_Assigned task_
Leaving pictures out, repeat word for word the line that has "Tenda piramidal para eventos" and each line that follows it to the end of the listing.

_Extracted information_
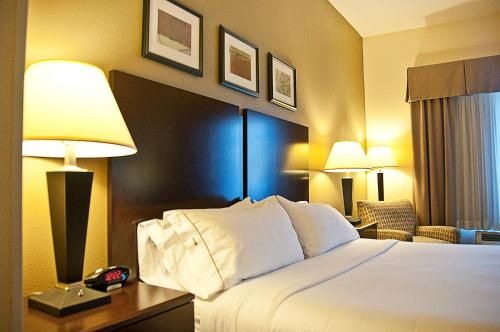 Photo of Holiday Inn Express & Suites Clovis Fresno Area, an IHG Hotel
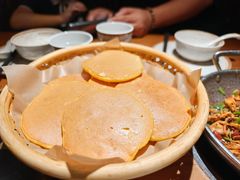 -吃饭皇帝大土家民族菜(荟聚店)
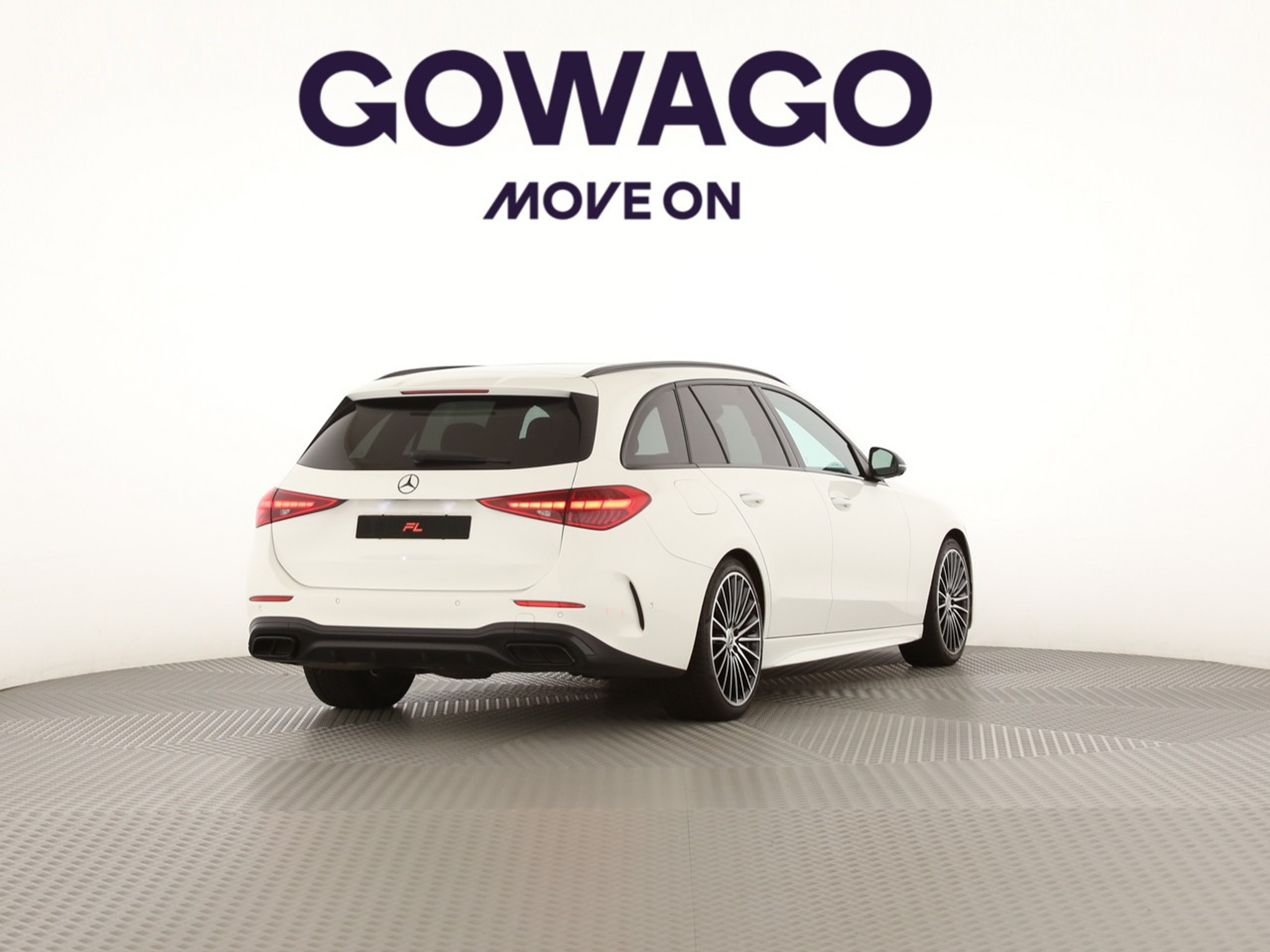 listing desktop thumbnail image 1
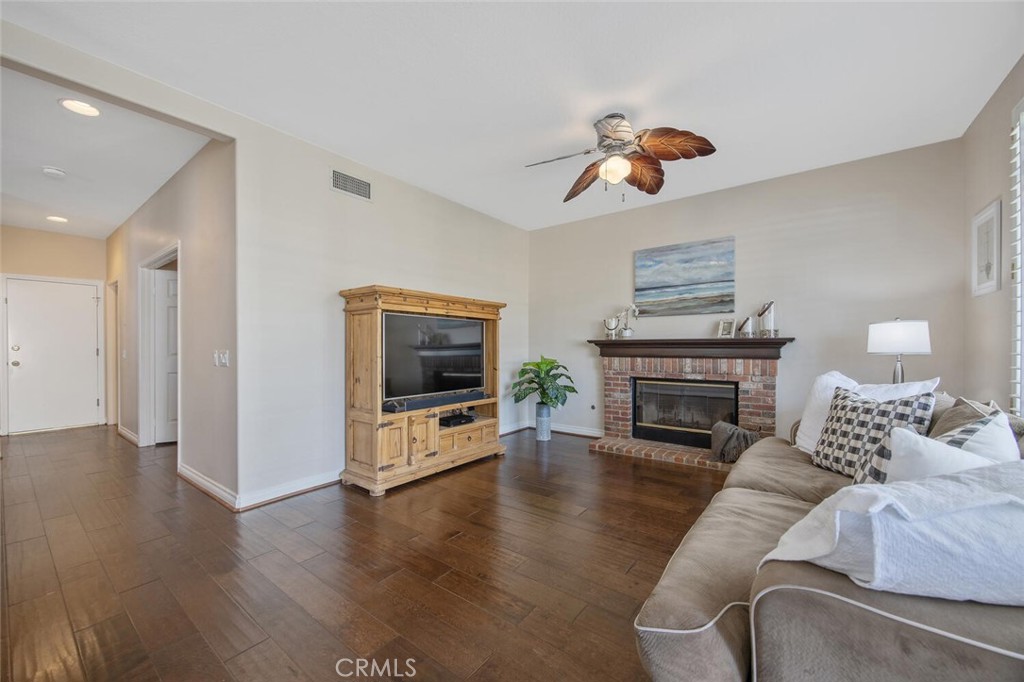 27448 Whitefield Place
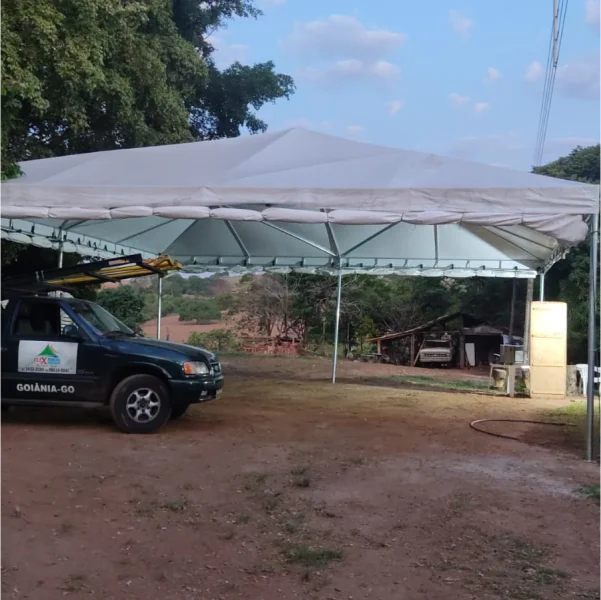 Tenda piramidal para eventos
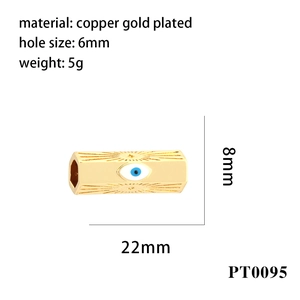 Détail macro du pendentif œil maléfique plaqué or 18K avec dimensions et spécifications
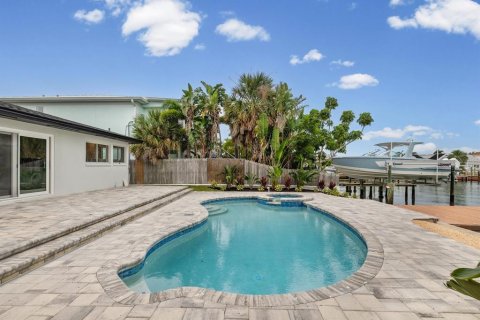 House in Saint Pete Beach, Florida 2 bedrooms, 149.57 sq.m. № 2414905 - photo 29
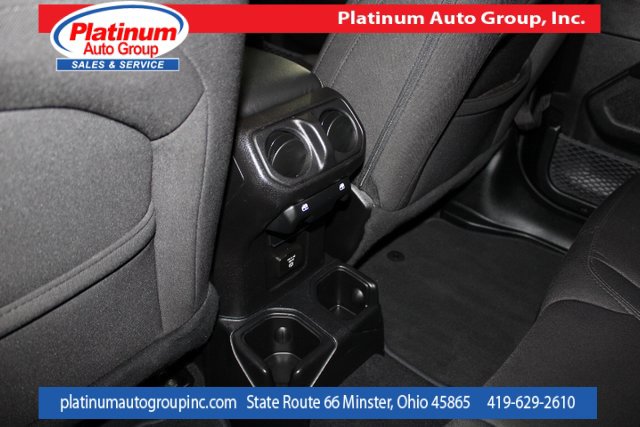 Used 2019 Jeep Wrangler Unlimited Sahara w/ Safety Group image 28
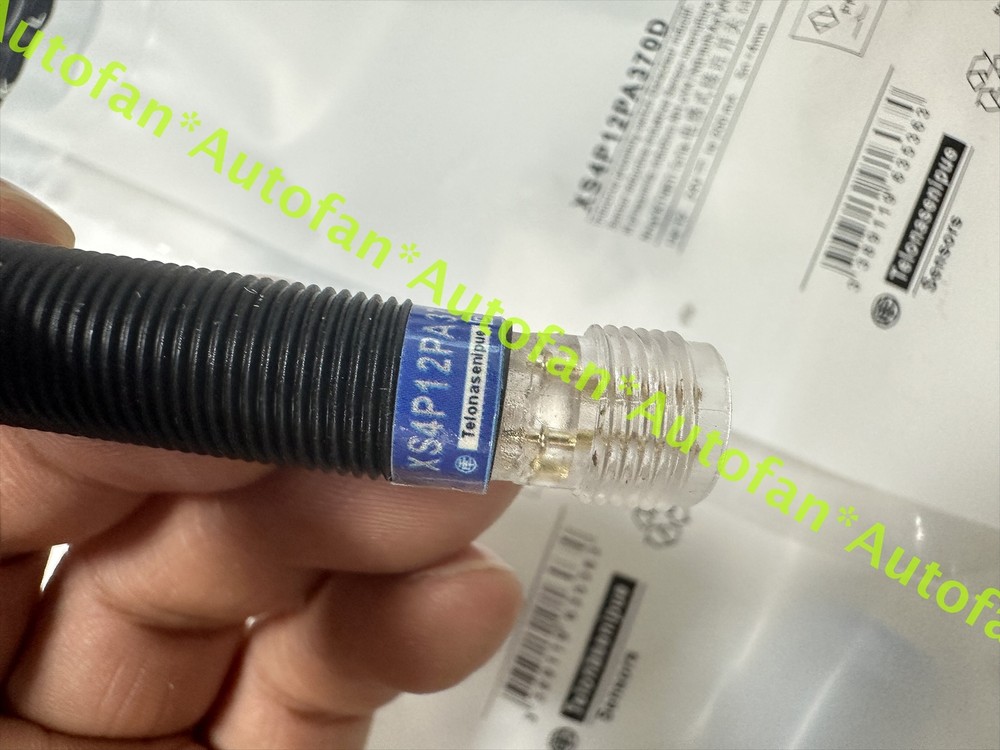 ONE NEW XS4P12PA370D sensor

_Solution_
 Tenda piramidal para eventos
 Détail macro du pendentif œil maléfique plaqué or 18K avec dimensions et spécifications
 House in Saint Pete Beach, Florida 2 bedrooms, 149.57 sq.m. № 2414905 - photo 29
 Used 2019 Jeep Wrangler Unlimited Sahara w/ Safety Group image 28
 ONE NEW XS4P12PA370D sensor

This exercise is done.